→ Data excerpt
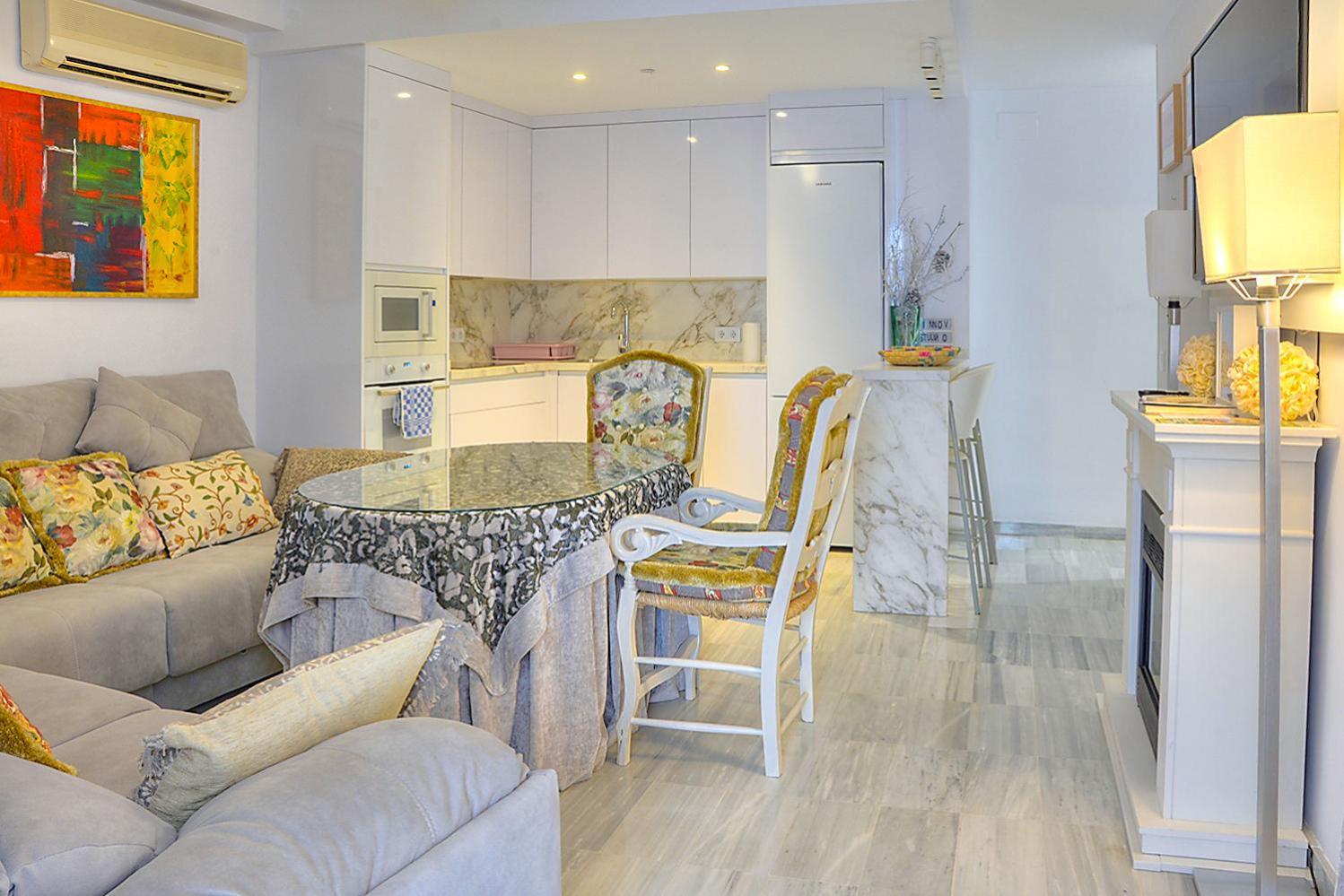 Apartment Calle Betis Seville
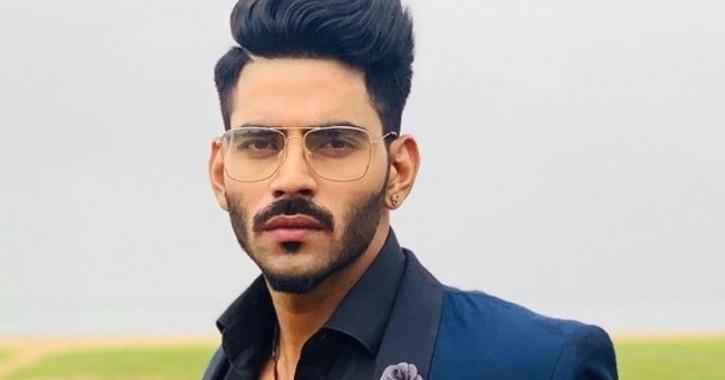 Who Is Model Balaji Murugadoss Bigg Boss Tamil 4 Contestant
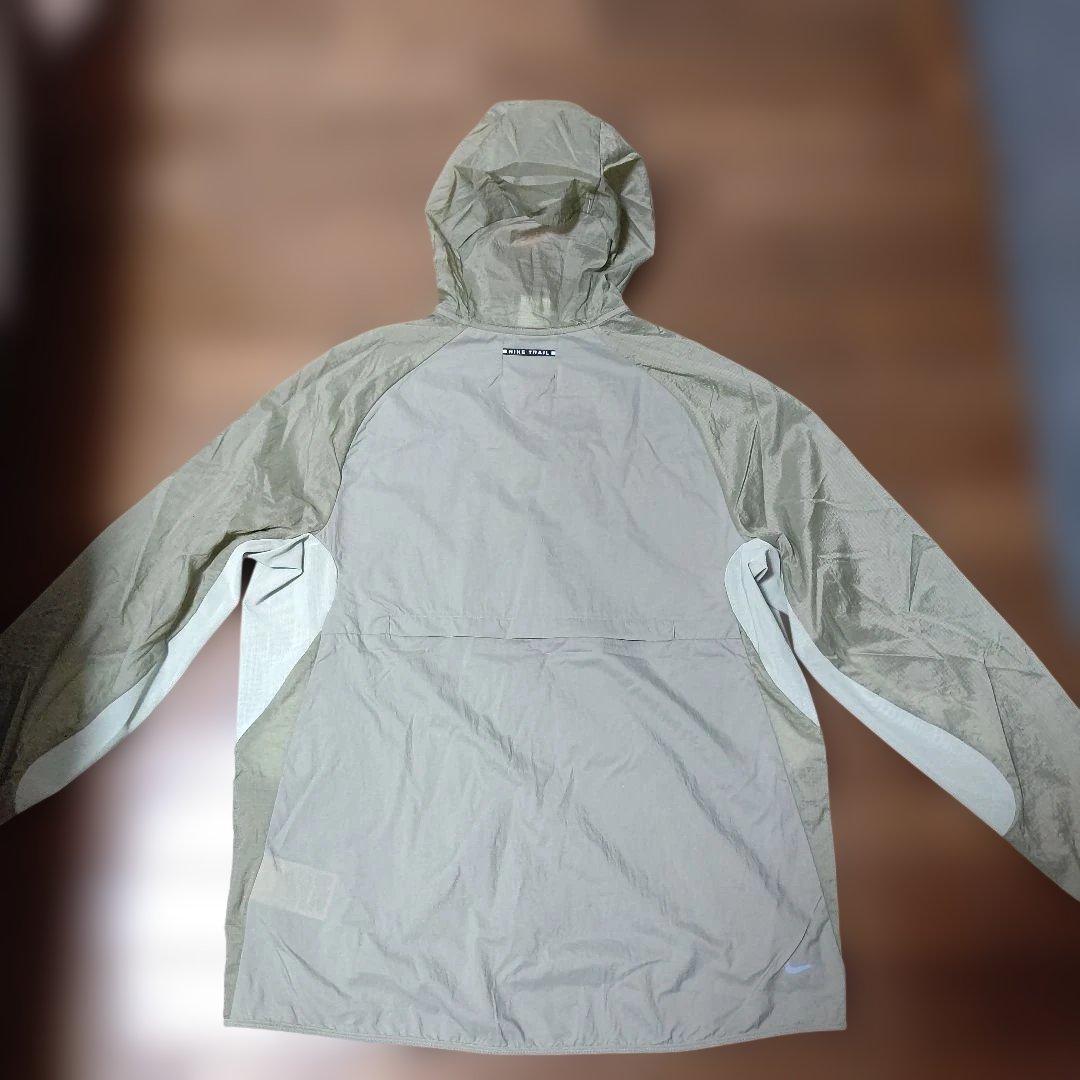 NIKE　ナイキトレイル エアリーズ　 ウィンドブレーカー　Ｌ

→ Activity
All that should be printed is the lines from the one containing "Who Is Model" through the last line of the material above, both ends included, exactly as they stand; please skip the pictures.

→ Answer to this exercise
 Who Is Model Balaji Murugadoss Bigg Boss Tamil 4 Contestant
 NIKE　ナイキトレイル エアリーズ　 ウィンドブレーカー　Ｌ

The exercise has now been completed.